(Pictures with short captions)
# # # #
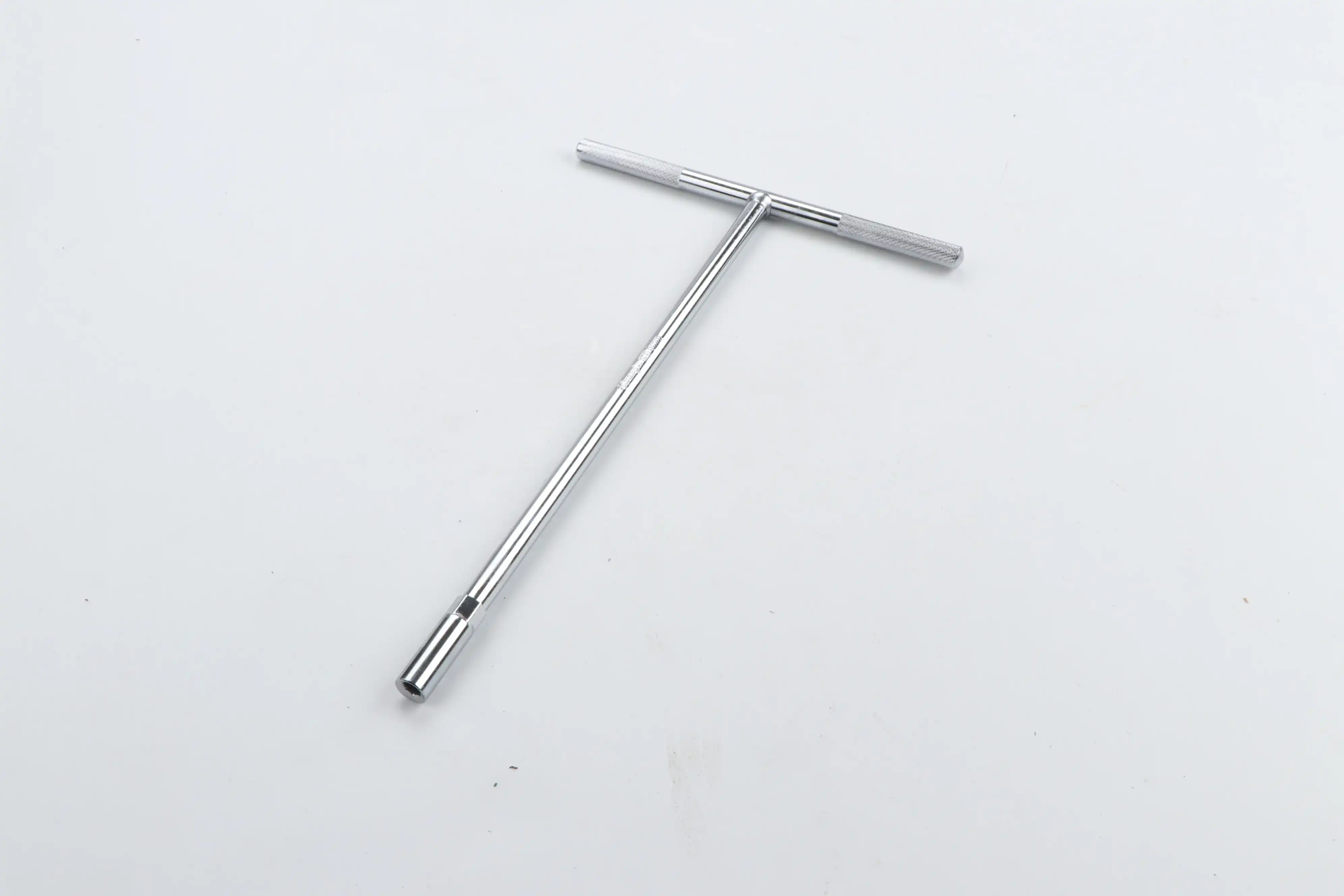 What’s the Difference Between Mirror T-Shaped and L-Shaped Wrenches?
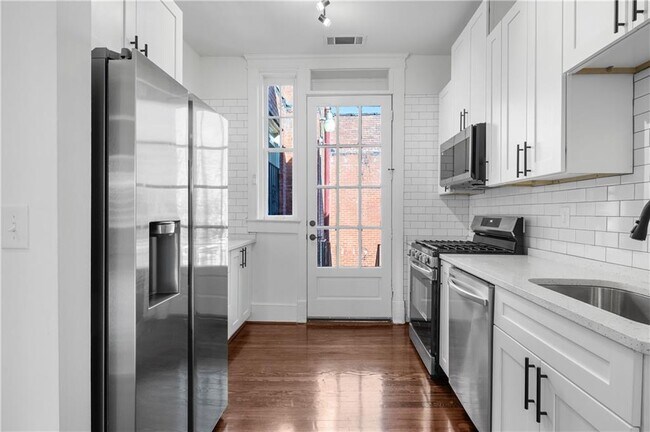 Foto del edificio - 360 Ponce De Leon Ave NE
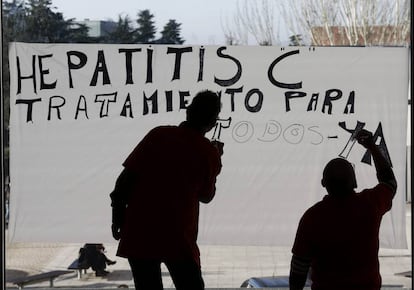 Protesta para pedir acceso a los nuevos tratamientos de la hepatitis C en 2015.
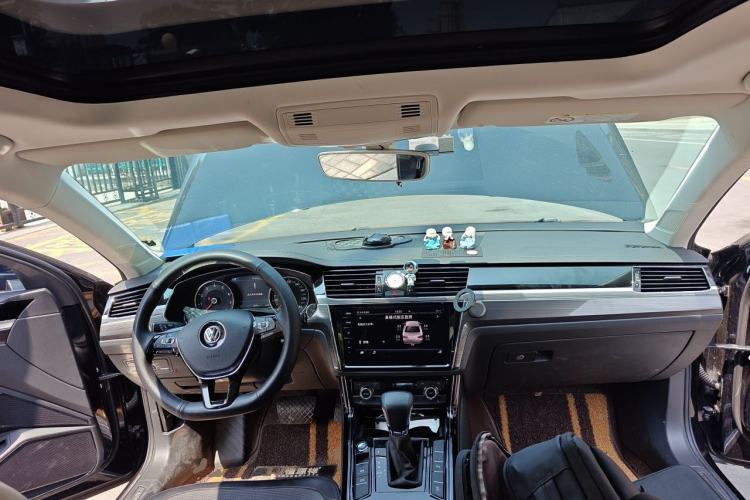 Used Volkswagen Phideon 2019 380TSI Two-Wheel Drive Luxury Edition China VI Standard Center Console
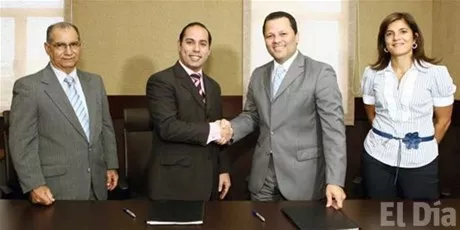 http://eldia.com.do/image/article/35/460×390/0/AE75A7D7-95F2-479E-86E9-AEA57EA7BB64.jpeg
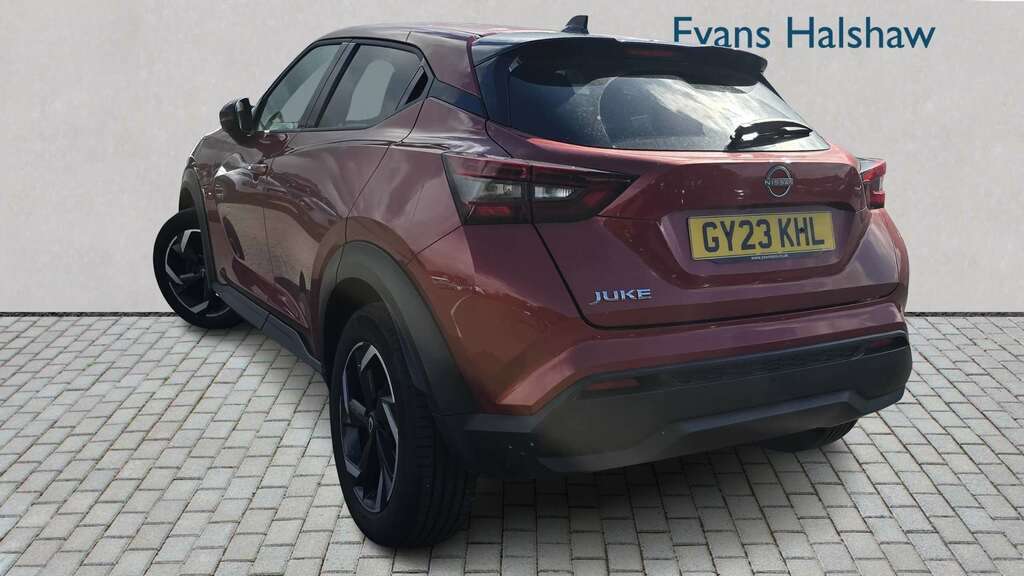 Nissan Juke Tekna Black #2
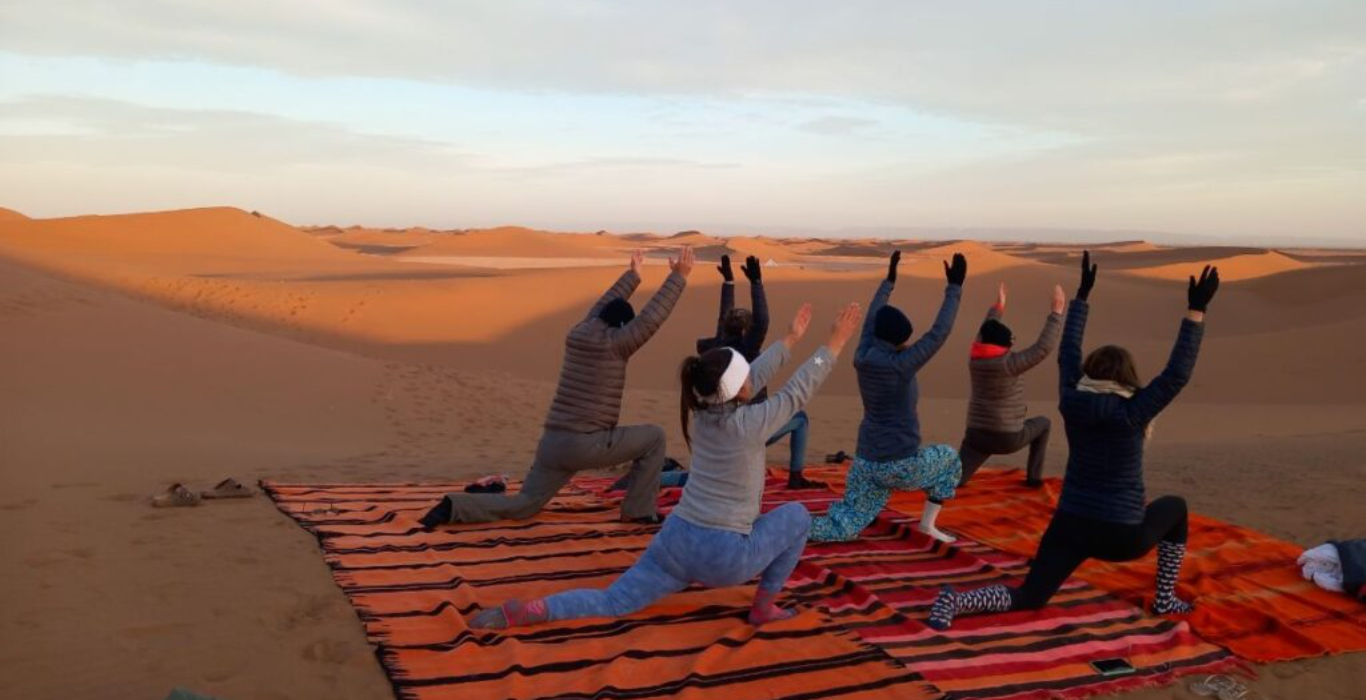 trek-yoga-desert-maroc-1024×576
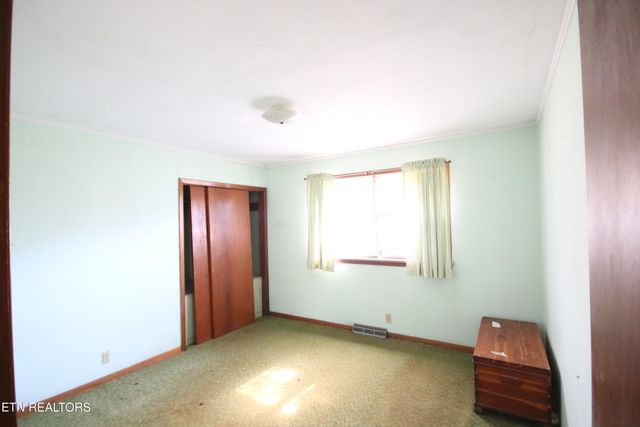 111 Smokey Run Rd., Tellico Plains, TN 37385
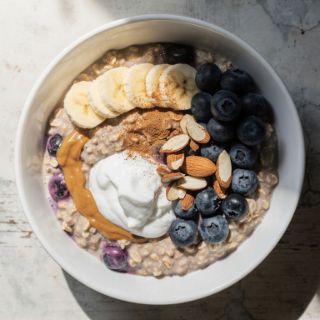 Blueberry Almond Oatmeal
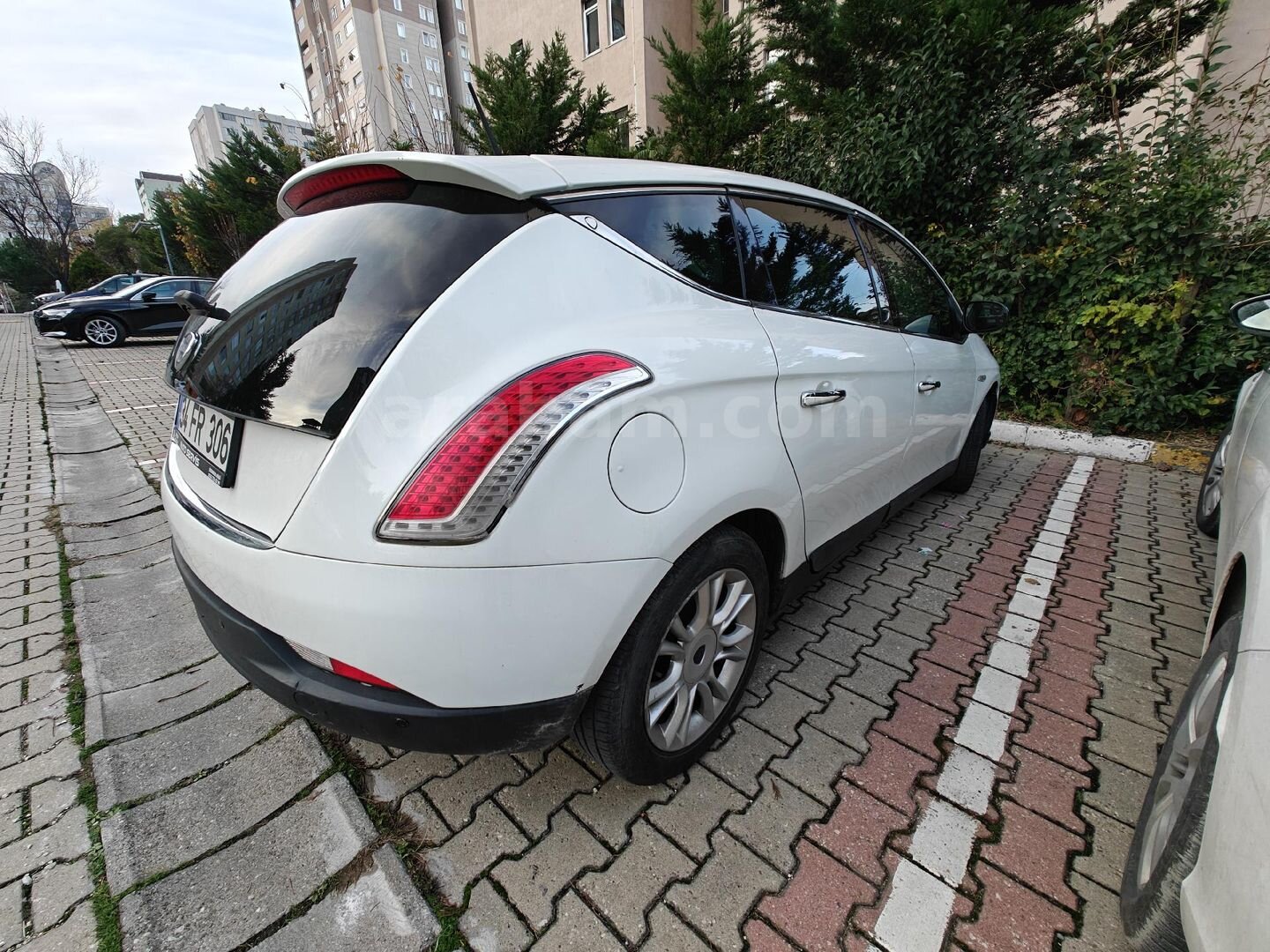 Sahibinden Lancia Delta 1.6 MJet 2011 Model İstanbul 240.500 km Beyaz 4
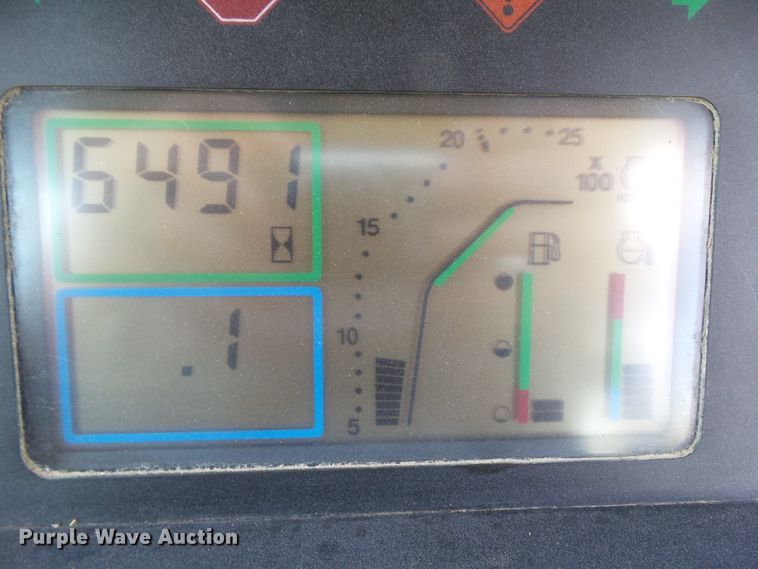 image for item DF0849 2000 John Deere 7210  tractor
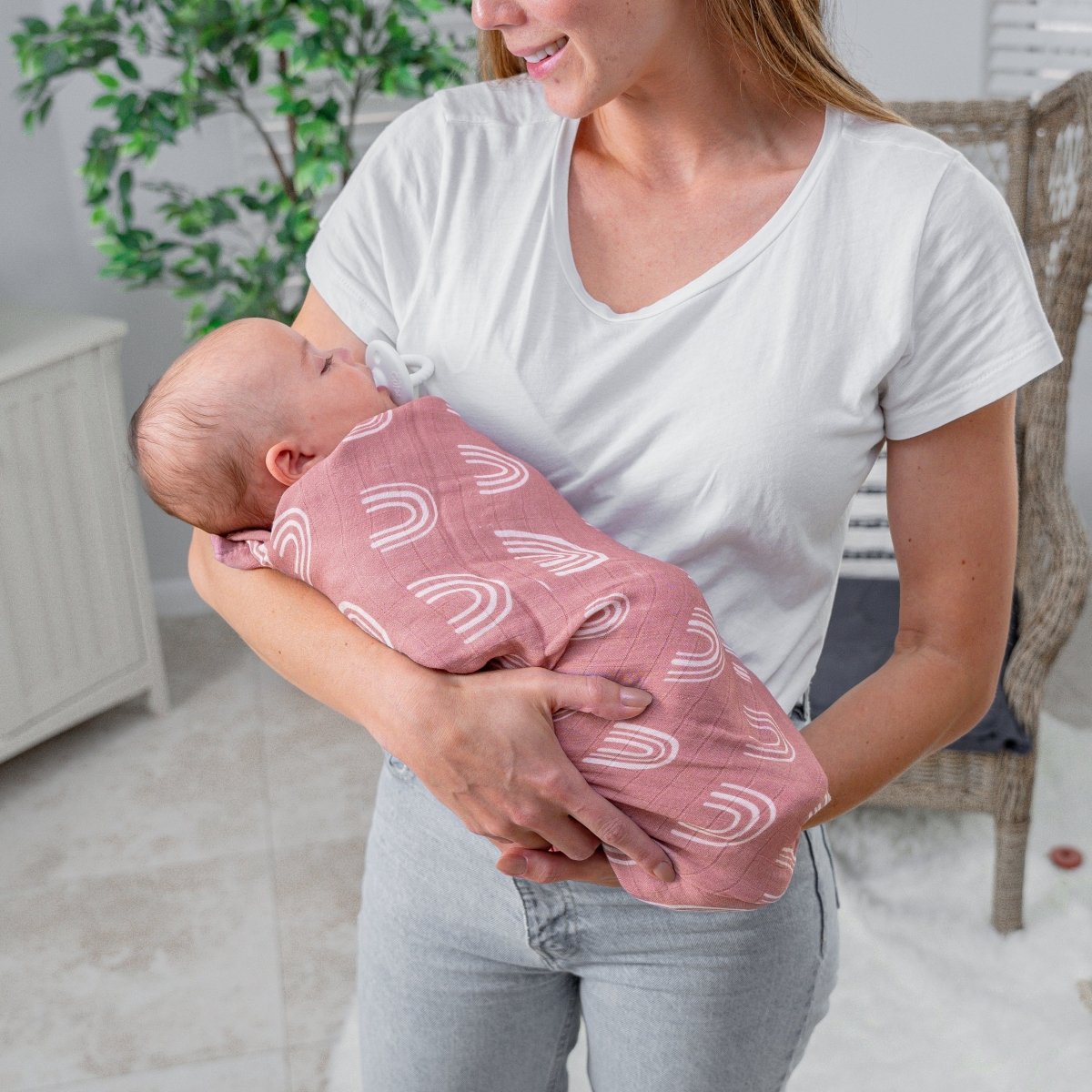 Comfy Cubs Muslin Swaddle Blanket Mauve Rainbow 1 Pack For Baby Sleep - Everetts Place Boutique -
# # # #
**YOUR OBJECTIVE:** The response should consist of the entries above, given again exactly and free of pictures.

**SOLUTION TO THE PROBLEM:**
 What’s the Difference Between Mirror T-Shaped and L-Shaped Wrenches?
 Foto del edificio - 360 Ponce De Leon Ave NE
 Protesta para pedir acceso a los nuevos tratamientos de la hepatitis C en 2015.
 Used Volkswagen Phideon 2019 380TSI Two-Wheel Drive Luxury Edition China VI Standard Center Console
 http://eldia.com.do/image/article/35/460×390/0/AE75A7D7-95F2-479E-86E9-AEA57EA7BB64.jpeg
 Nissan Juke Tekna Black #2
 trek-yoga-desert-maroc-1024×576
 111 Smokey Run Rd., Tellico Plains, TN 37385
 Blueberry Almond Oatmeal
 Sahibinden Lancia Delta 1.6 MJet 2011 Model İstanbul 240.500 km Beyaz 4
 image for item DF0849 2000 John Deere 7210  tractor
 Comfy Cubs Muslin Swaddle Blanket Mauve Rainbow 1 Pack For Baby Sleep - Everetts Place Boutique -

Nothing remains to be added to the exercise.